String to unique int algorithm

Tag: algorithm Author: zhuyonggang123000 Date: 2011-09-11

We are trying to implement the following case. We have a invoice table and there is a column which has email address. We want to somehow generate a unique int value from this email address and store that in a separate column. This will be used as a FK and indexed. So what I am looking for is an algorithm for generating ints from strings (please note that the email string should always output the same int so each email address as a unique int representation). We can use a bigint as well

This has been asked many times before, and the short answer is it's impossible to take an infinite (or relatively infinite) domain (string/varchar) and map it 1:1 with a finite domain (int, bigint). You need to make compromises on uniqueness or the output data type. My suggestion is that you just index on the e-mail address itself.
I don't see why that would be so, @MarkPeters. Any string they get will be encoded in a finite number of bytes. Just interpret the same bytes as a bigint, and voila, you have a number.
@Tom: I'm not sure of the exact semantics of bigint. In Java, BigInteger has variable bit length so that would work (I already have a deleted answer along exactly those lines). My impression is that bigint in the context of SQL is still bounded (64 bit) and so it represents a finite domain.
I think the point @MarkPeters is making is that the number of possible email addresses is always going to be > the number of integers of a given length. For example, if using a 64-bit integer, there are 2^64 possible values. There are an infinite number of possible email addresses, which is > 2^64.
@TomZych If you've got an integer type with defined precision (e.g. 32bit), it's trivial to generate 2**32 + 1 different E-Mail adresses, and there goes your uniqueness.

Best Answer

Simplest solution is to put the email address into its own table along with an identity/auto_increment type column. Then you can simply carry around that identify field (a standard int), and you don't run into any issues with potential hash collisions, and no hashing overhead.

comments:

+1 Best answer, I think. Why complicate things when the OP hasn't made constraints ?

Other Answer1

It seems a simple hashcode (MD5, SHA1, ...) should fit your needs; depending on your RDBMS, you might be able to use built-in packages (e.g. Oracle's dbms_crypto) or have to compute them externally.

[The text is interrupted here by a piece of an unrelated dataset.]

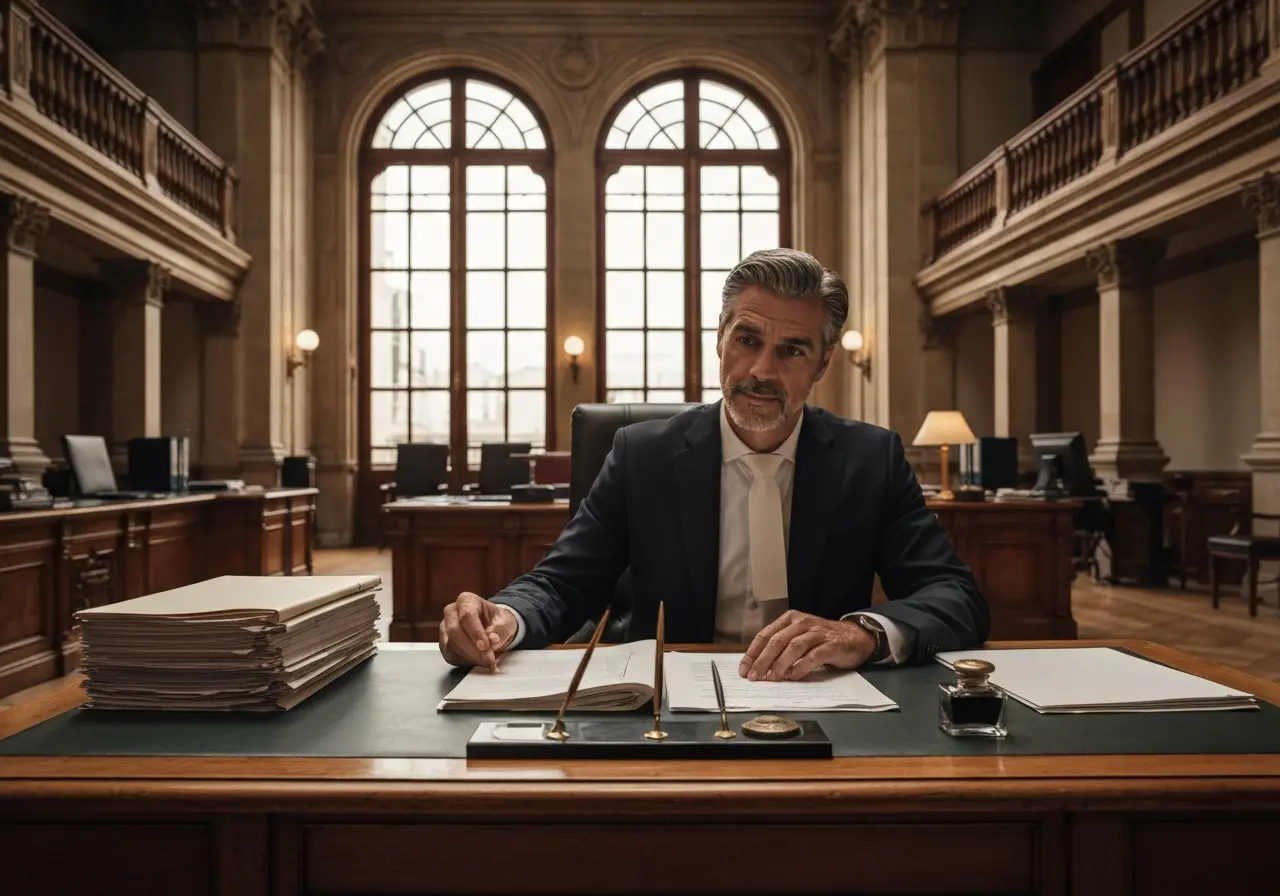 Avocat pénal tarif : combien coûte une défense en 2026 ?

Some things to keep in mind:

  • convert everything to lower/uppercase before computing the hashcode (so [email protected] gets the same hashcode as [email protected])

  • apparently, you have a denormalized schema. It would make more sense to have a separate customer table containing the E-Mail adress; invoice should then contain only a foreign key customer_fk

comments:

But two email addresses can have the same hashcode/MD5..
@Raze2dust Yes, of course. But the probability for that is very, very small (esp. if using SHA1).
@FrankSchmitt Some people care about the difference between very, very small probability and impossible...and some don't.
@Frank Schmitt: Since the question mentions invoices, the people that care are customers, accountants, lawyers, etc. Potential collisions should be enough to disqualify any hashing scheme.
@Blastfurnace: MD5 and SHA1 collisions are an accepted tradeoff for HTTPS certificates, of which there are far more than most customer-email addresses a single company uses. Usually unless somebody is attacking the system and targeting for a collision this will no happen. Also note that the possibility is influenced by the grammar for email addresses as most collisions will appear for strings outside of the grammar or very long (and hence unusable addresses).

Other Answer2

MD5 - gives you a 128-bit integer. (Admittedly, this is bigger than the int datatype in most languages, but you won't get near guaranteed uniqueness with with just 32-bits.)

comments:

OP said he wanted a unique integer; MD5 does not guarantee uniqueness.
You cannot guarantee unique integers (unless using integers of arbitrary length), since there's an infinite amount of possible E-Mail adresses.
@FrankSchmitt There's a finite number of email addresses that will actually be used, so we could just index all of them as we see them.
@Michael: daiscog does not state that MD5 guarantees uniqueness. It states that it gets you near guranteed uniqueness.
Depending on inputs vs outputs, NOTHING "guarantees" uniqueness.

Other Answer3

I don't know if you can get away with a 64-bit int: the max length of an email address is 254 characters and, in this case where you need to preserve the uniqueness of each, hashing will not do it.

So it seems you are stuck with having to get over this 254-character hurdle. My approach (always the brute force approach for me) would be to take the alphabet of allowable characters in an email address, map those to 6-bit values, and use the map to pack them into a series of words.

Take a look at rfc3696 which deals with email addresses in a way that's actually comprehensible.

Sorry to be of so little help.